= Shrine of Our Lady of Yankalilla =

Virgin Mary shrine in Australia

The Shrine of Our Lady of Yankalilla is an Australian site venerating the Virgin Mary, the mother of Jesus. The shrine came into being following the appearance of an image of the Virgin in the Anglican church in Yankallia in 1994.

==Christ Church, Yankalilla==
The shrine is inside the Anglican Christ Church parish church in Yankalilla, a town 70 kilometres southwest of Adelaide, South Australia. The church was built in 1857, with a bell-tower added in 1892.

==The image of the Virgin Mary==
In August 1994 an image was said to have become visible on a wall behind the altar of the 19th century stone church. The image was interpreted to be an image of the Virgin Mary which depicted her face, features, shoulders and abdomen. It is claimed that the image later changed to depict Mary holding the crucified Christ in the manner of a pietà with her gaze directed toward the tabernacle below containing the consecrated eucharistic bread. It is also claimed that an image of a rose (a symbol of Mary) appears at the bottom of the larger image.

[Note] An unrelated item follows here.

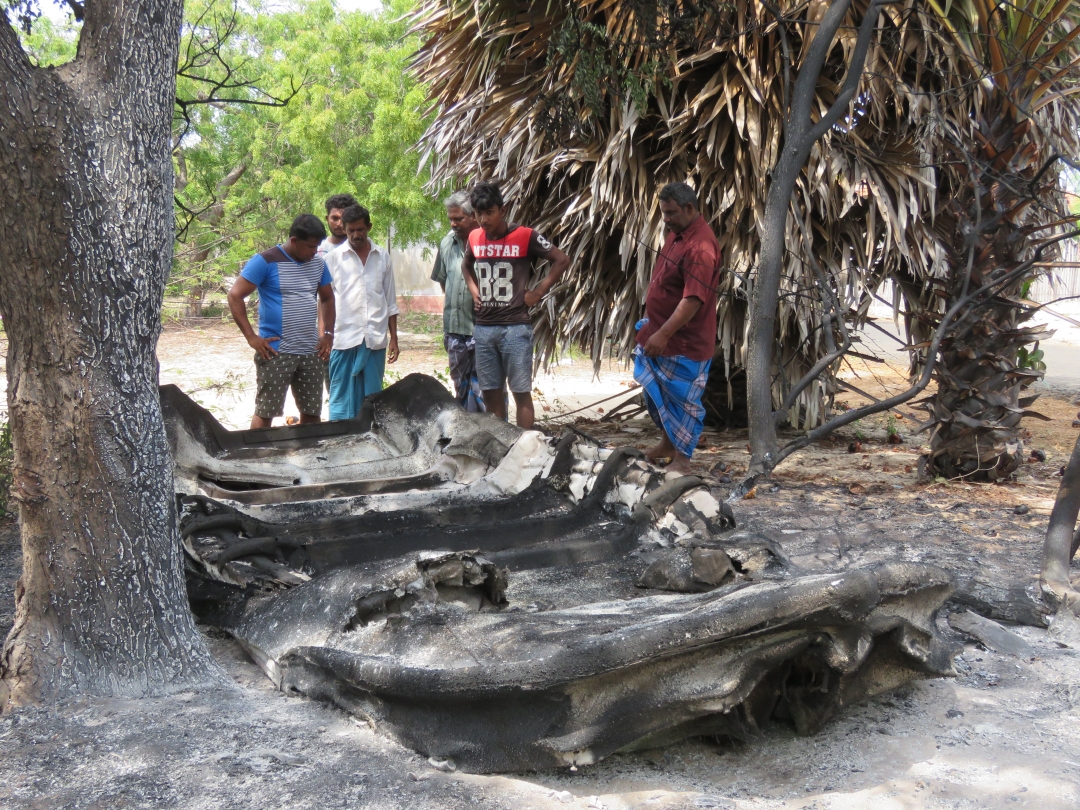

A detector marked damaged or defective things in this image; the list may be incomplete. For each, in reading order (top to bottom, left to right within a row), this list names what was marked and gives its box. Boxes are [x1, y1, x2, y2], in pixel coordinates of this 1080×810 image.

arson damage [160, 372, 952, 772]
burned boat remnant [165, 376, 956, 772]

Two years after the image appeared on the wall, the Adelaide Advertiser covered the story. Within a few days, the news media descended on the small seaside town and the first pilgrims began arriving from Australia and overseas, some of whom also reported seeing similar apparitions re-occur. In December 1996, the Bishop of The Murray, Graham Walden, blessed the church as "The Shrine of Our Lady of Yankalilla". The Canadian-born parish priest, Andrew Notere, was involved in developing the church as a pilgrimage centre and several documentaries were filmed. One, Visions of Yankalilla, has been screened on a number of national broadcast services worldwide. The shrine has become the centre of a healing ministry; it has been the venue of several claimed sightings of the Virgin Mary and several photos of the Madonna in the church.

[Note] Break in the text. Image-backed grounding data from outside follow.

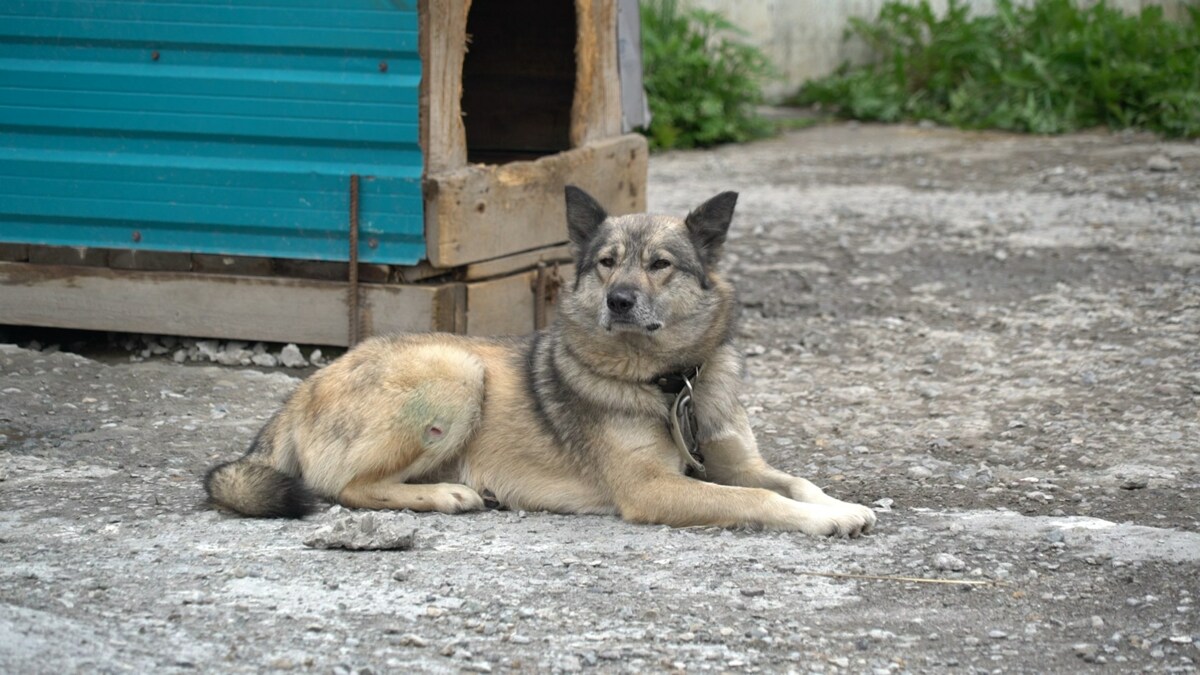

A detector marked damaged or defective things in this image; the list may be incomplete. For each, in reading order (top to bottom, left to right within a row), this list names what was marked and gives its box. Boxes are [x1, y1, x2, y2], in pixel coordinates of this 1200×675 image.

rusty metal [528, 262, 564, 332]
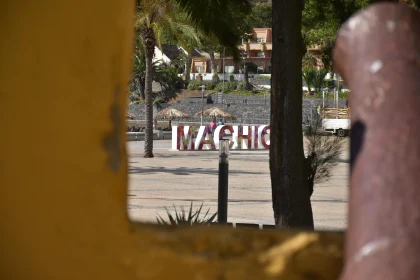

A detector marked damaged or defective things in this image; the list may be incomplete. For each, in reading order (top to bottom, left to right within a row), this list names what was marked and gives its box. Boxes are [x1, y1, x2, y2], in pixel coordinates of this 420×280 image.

rusty metal post [334, 2, 418, 280]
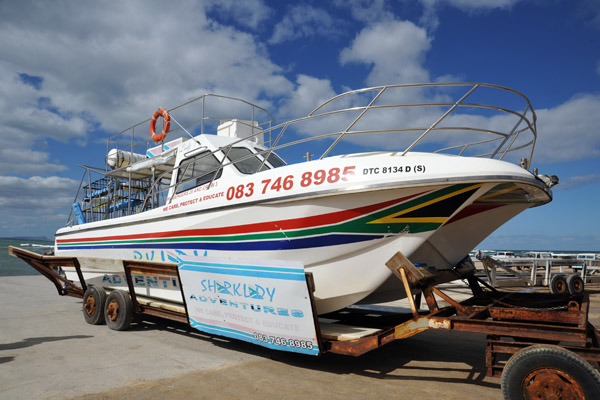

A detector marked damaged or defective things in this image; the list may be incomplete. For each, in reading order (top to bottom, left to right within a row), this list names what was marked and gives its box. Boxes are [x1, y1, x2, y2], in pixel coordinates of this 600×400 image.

rusty trailer frame [8, 244, 600, 378]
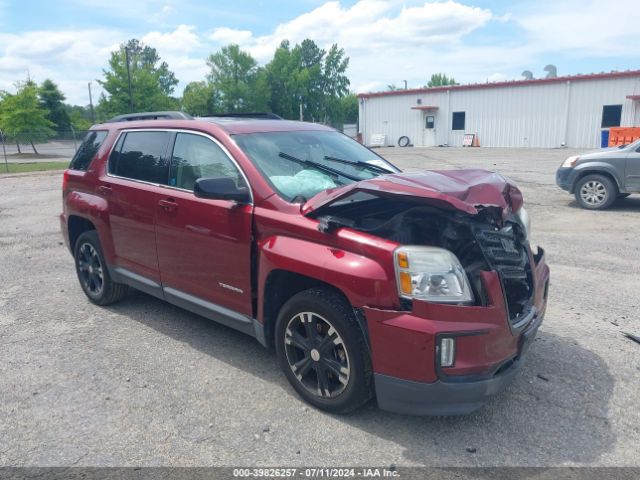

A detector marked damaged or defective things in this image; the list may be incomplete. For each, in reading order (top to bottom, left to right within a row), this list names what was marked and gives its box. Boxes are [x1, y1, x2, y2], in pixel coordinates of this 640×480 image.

crumpled hood [302, 168, 524, 215]
damaged front bumper [362, 249, 548, 414]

A well for holy water is on the site and a hybrid rose has been cultivated called "Our Lady of Yankalilla". The South Australia Tourism Commission has developed a marketing brochure for the shrine entitled "Mary Among the Eucalypts". The Australian artist Pro Hart donated a painting to the shrine and a large mural of the Virgin of Yankalilla has been mounted on an exterior wall of the retreat centre adjacent to the church.